From the minute I walked into Prime Butcher Baker, the latest creation from the Prime Group, every ounce of jaded elitism that I may have developed over the years abandoned me. Part of the problem with writing about food is that you find yourself sampling so many gourmet items and going to so many impressive places that you can find yourself taking for granted things that are truly wonderful. But this butcher shop on the Upper East Side immediately vanquished any sense of “oh well, I’ve seen something like that before” that I may have had. To put it mildly, Prime Butcher Baker is glorious.
The first thing you see when you walk to the door of Prime Butcher Baker is the visible portion of their aging room just beyond their front window. This aging room is used by the butcher part of the store to dry age their beef and create their home made cured meats. Picture a large wooden room filled with gleaming metal racks all packed with huge sides of beef. Dangling from the sealing are clean looking lining packages filled with bresaola and salami.

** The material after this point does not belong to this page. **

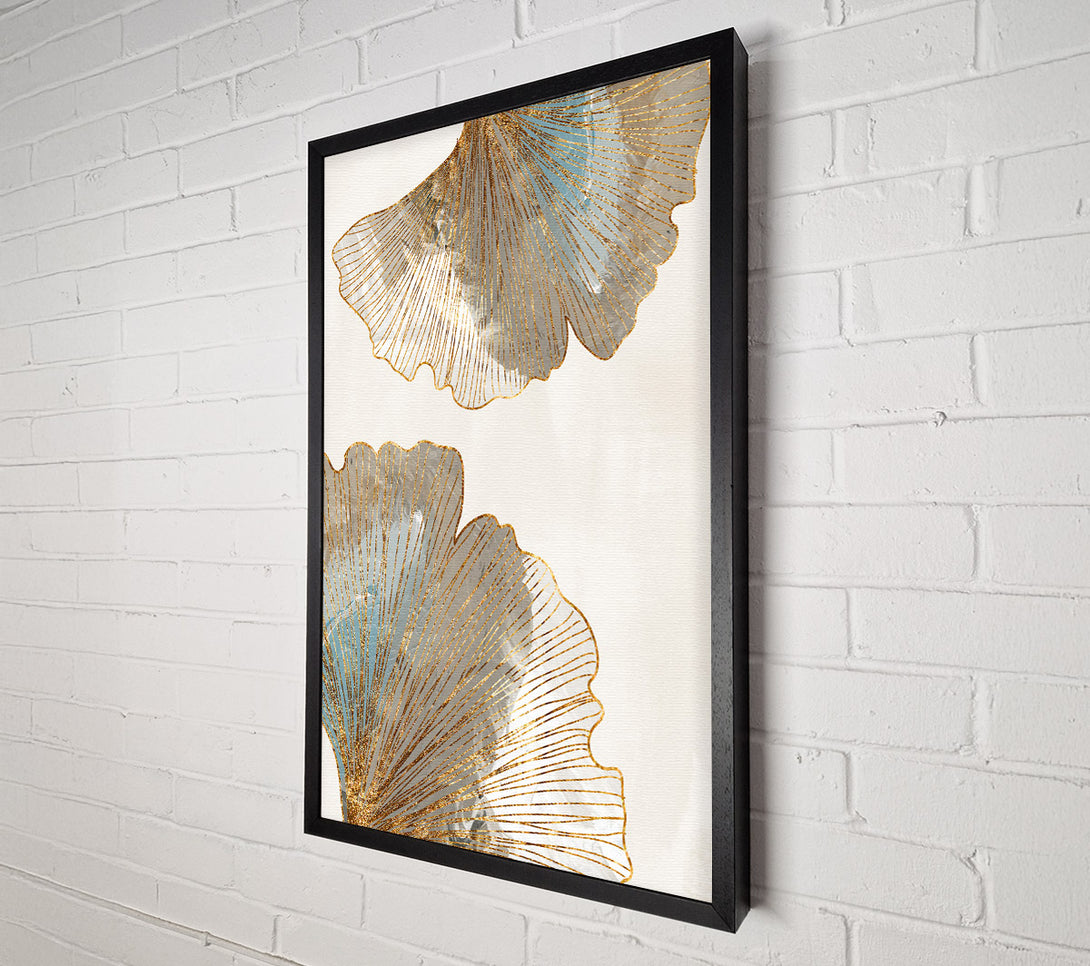  A Canvas Print of Gold Outline Leafs Canvas Art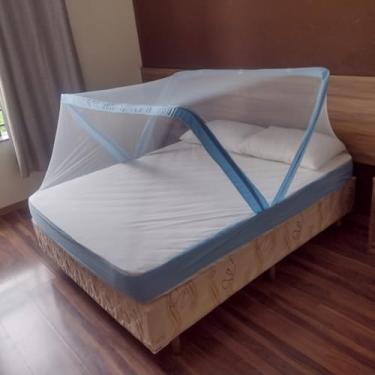 Imagem de Mosquiteiro Tenda Retrátil Acoplável ao Colchão – Estrutura Resistente, Portátil e Dobrável para Cama Solteiro e Casal(Azul casal 135~145x188)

The front of the store is the portion dedicated to the butcher shop. It’s a long and beautiful case filled with perfectly cut pieces of beef, lamb and veal. The thing I noticed was that not only was this case filled with the average hard to find cut of meat like a full veal breast or an entire crown roast, but it also contained cuts of meat I didn’t even know you could find kosher, most notably Porterhouse steaks. Porterhouse steaks are essentially a t-bone but cut from the rear end of the short loin so that the steak contains a portion of New York Strip steak and tenderloin. Tenderloin however is problematic because it contains the deeply unkosher sciatic nerve. Though there are kosher butchers that go through the arduous process of removing the nerve to be able to sell the tenderloin they are few and far between and I have never seen a piece of tenderloin still attached to the bone that had been given this kosher preparation.
Just above where the meat is presented is a counter containing the cured meats and delicacies. This section was my personal nirvana because it housed items that I had been dying to try for years. Things like the aforementioned bresaola which is top round that has been cured and air dried for several months and then sliced paper thin. Its flavor is beefy and salty and yet oddly delicate. There was also duck breast prosciutto which I consider to be one of the holy grails of kosher food. (No, the irony of that statement is not lost on me) The duck prosciutto is rich and fatty and melts in your mouth. It is one of the best things I have ever eaten. I also sampled the veal pate which was the best chopped liver I have ever had but slightly more compact and flavorful. These offerings are just a smattering of what the butcher has to offer and had I had the time or the stomach space I could have spent the rest of my day chatting with the helpful and friendly staff while I nibbled on dozens of different deli meats, sausages and items from the charcuterie.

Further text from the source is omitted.